Was ist nun der konkrete Beitrag der Konstitution zur Schöpfungslehre? Hier ist zunächst einschränkend zu sagen: Die Schöpfungslehre stellte, wie auch beim Zweiten Vatikanischen Konzil, kein eigenständiges Thema der Beratungen dar. Dem Konzil ging es vor allem darum, „in Auseinandersetzung mit dem Pantheismus die Transzendenz Gottes zu lehren.“[39]
Damit verwoben sind jedoch auch wichtige Aspekte von Schöpfungstheologie und Anthropologie, die sich in drei Stichworten aufzeigen lassen: Die absolute Unterschiedenheit Gottes von der geschaffenen Welt, die Freiheit und Unabhängigkeit der göttlichen Schöpfungstat, sowie die Lehre vom sogenannten Schöpfungszweck.[40]

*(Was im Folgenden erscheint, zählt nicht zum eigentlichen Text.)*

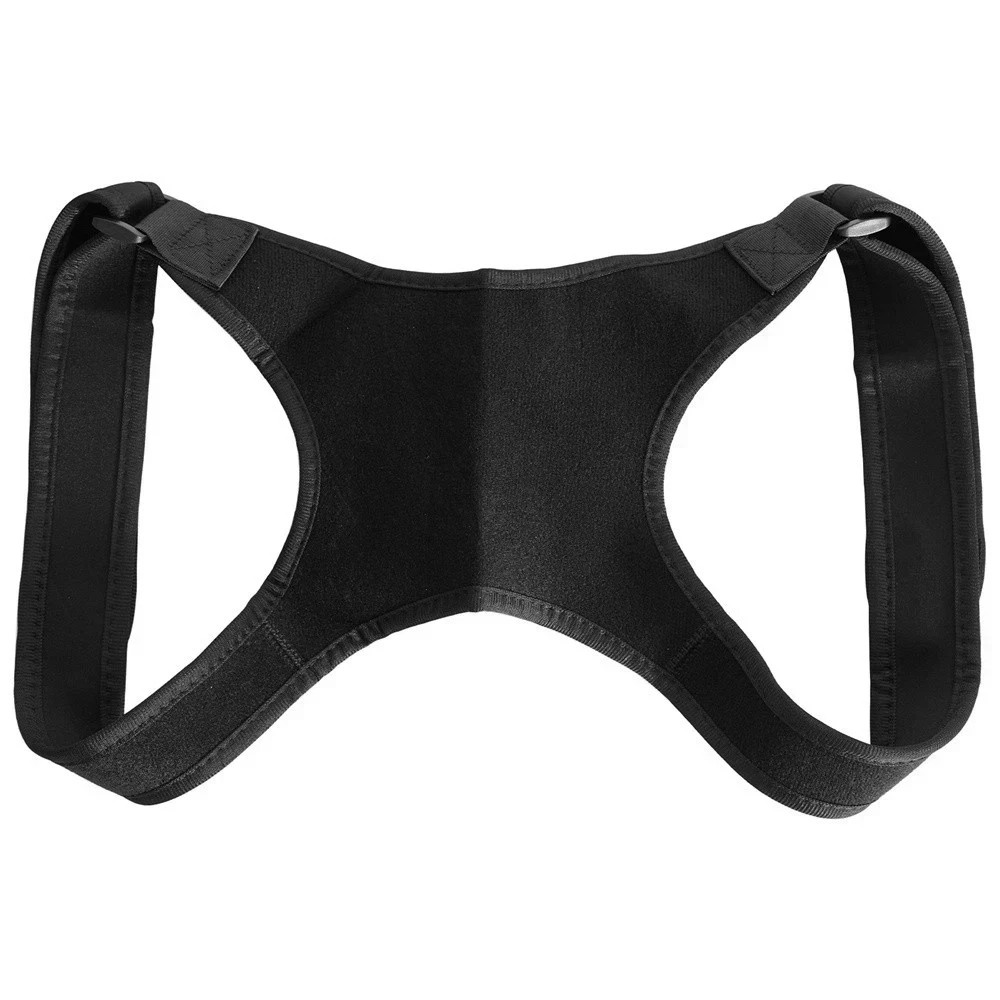 Back Posture Corrector Shoulder Straight Support Brace Belt Therapy Men Women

3.2.2 Explizite Aussagen der Konstitution Dei Filius zur Schöpfungslehre
Die Unterschiedenheit Gottes von seiner Schöpfung benennt das Konzil mit der traditionellen katholischen Lehre von der creatio ex nihilo: Die Schöpfung ist nicht ableitbar, auch nicht aus dem Wesen Gottes selbst, sondern gründet allein im freien göttlichen Willensentschluss.[41] Damit lehnt sich die Konstitution an die Lehre des IV. Laterankonzils von 1215 an. Die Welt ist nicht selbst Gott oder gleichwesentlich mit ihm als Ausdruck einer fast „zwanghaften“ göttlichen Selbstentfaltung, sondern sie ist „freigegeben in den Selbststand eigenen Wesens.“[42]

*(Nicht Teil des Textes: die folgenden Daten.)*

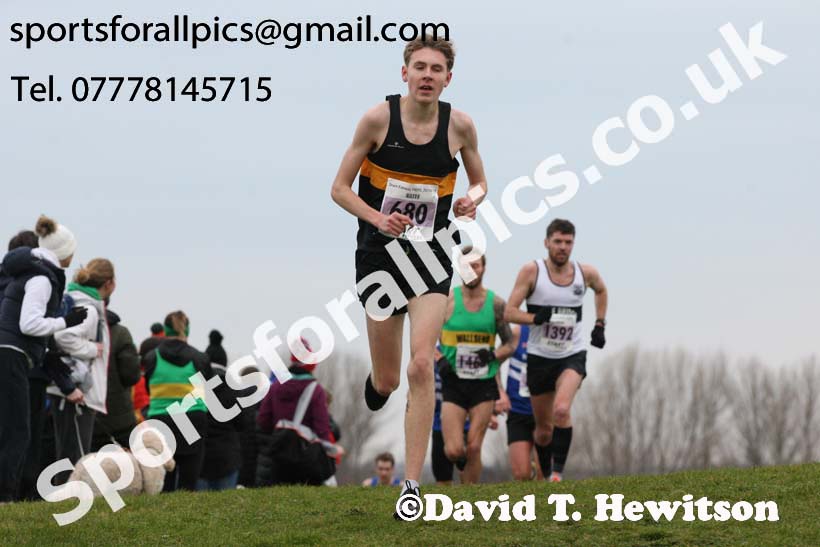 Senior mens 2019 Start Fitness Sherman Cup/Davison Shield, Temple Park, South Shield. Photo:  David T. Hewitson/Sports for All Pics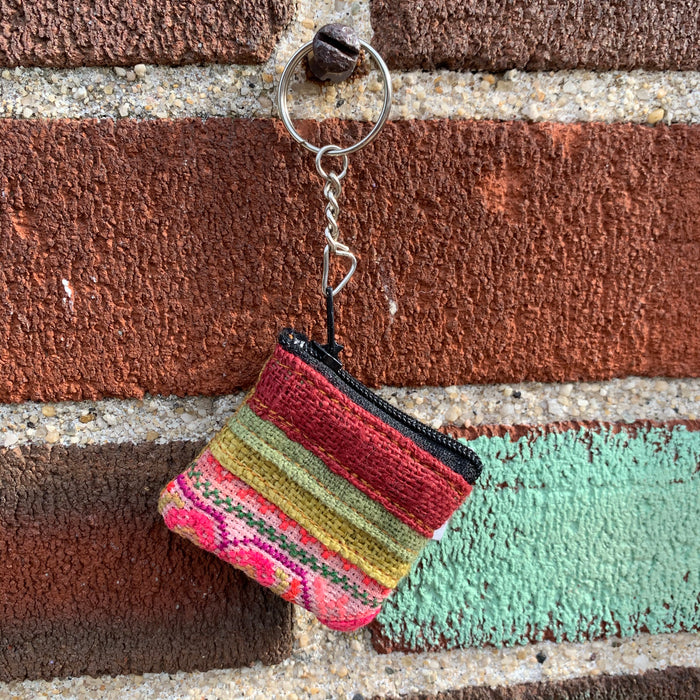 Key Chain Crystal Bags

Die Lehre von der Freiheit der Schöpfung wurde in Abwehr pantheistischer Systeme sowie der Kreationstheorie Günthers entwickelt.[43] Die Freiheit des Schöpfers ist laut Konzil dadurch bestimmt, dass sie nicht eine dem menschlichen Handeln vergleichbare physische Wahlfreiheit, sondern eine eigentliche und allumfassende Wahlfreiheit ist. Gott war nicht gezwungen, zu schaffen, sondern die Schöpfung verdankt sich ganz und gar dem freien Willensentschluss und der Setzung Gottes.[44]
Schließlich geht die Konzilskonstitution noch auf den sogenannten Zweck (finis) der Schöpfung ein. Diese Ausführungen waren wiederum als Abwehr gegen Diejenigen gedacht, die der katholischen Kirche vorwarfen, sie würde durch ihre Lehre von der Ehre Gottes als erstem Schöpfungszweck ihre eigene Ehre und Macht zu vergrößern suchen.

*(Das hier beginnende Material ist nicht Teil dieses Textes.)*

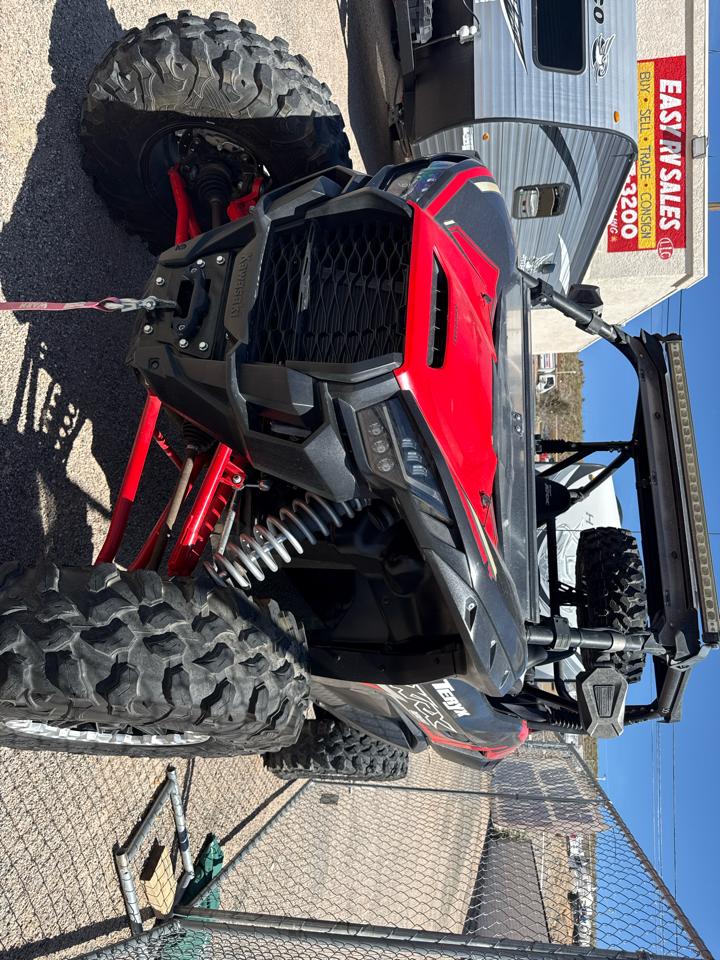 Kawasaki Teryx  2022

Das Konzil begreift die Schöpfung als Offenbarung der Vollkommenheit Gottes. Dadurch ist auch der objektive Schöpfungszweck gegeben: die Verherrlichung Gottes, der in voller Freiheit aus nichts alles schafft.[45] Die Vollkommenheit Gottes kann nach der Lehre des Konzils durch die Geschöpfe nicht vermehrt werden, sie erweisen ihm aber Ehre dadurch, dass sie sind und indem ihre Vollkommenheiten auf die absolute Vollkommenheit Gottes verweisen.[46] Die Konstitution gibt aber nicht an, dass diese Verherrlichung der hauptsächliche Schöpfungszweck ist, sondern setzt ihn mit dem zweiten Schöpfungszweck, der in der Spendung von Wohltaten an die Geschöpfe besteht, parallel.[47] Explizit verurteilt werden die Ansichten von Günter und Hermes, die den Schöpfungszweck der Verherrlichung Gottes für unvereinbar halten mit seiner Liebe zu den Geschöpfen.[48]
Diese kurzen Angaben mögen genügen, um die Hauptintention des Konzils in Bezug auf die Schöpfungslehre deutlich zu machen: Es akzentuiert deren wesentliche Grundaussagen, indem es auf die Tradition der Väter und der Konzilien verweist. Dies geschieht vor allem in strikter Abgrenzung von Pantheismus, Materialismus und philosophischem Idealismus.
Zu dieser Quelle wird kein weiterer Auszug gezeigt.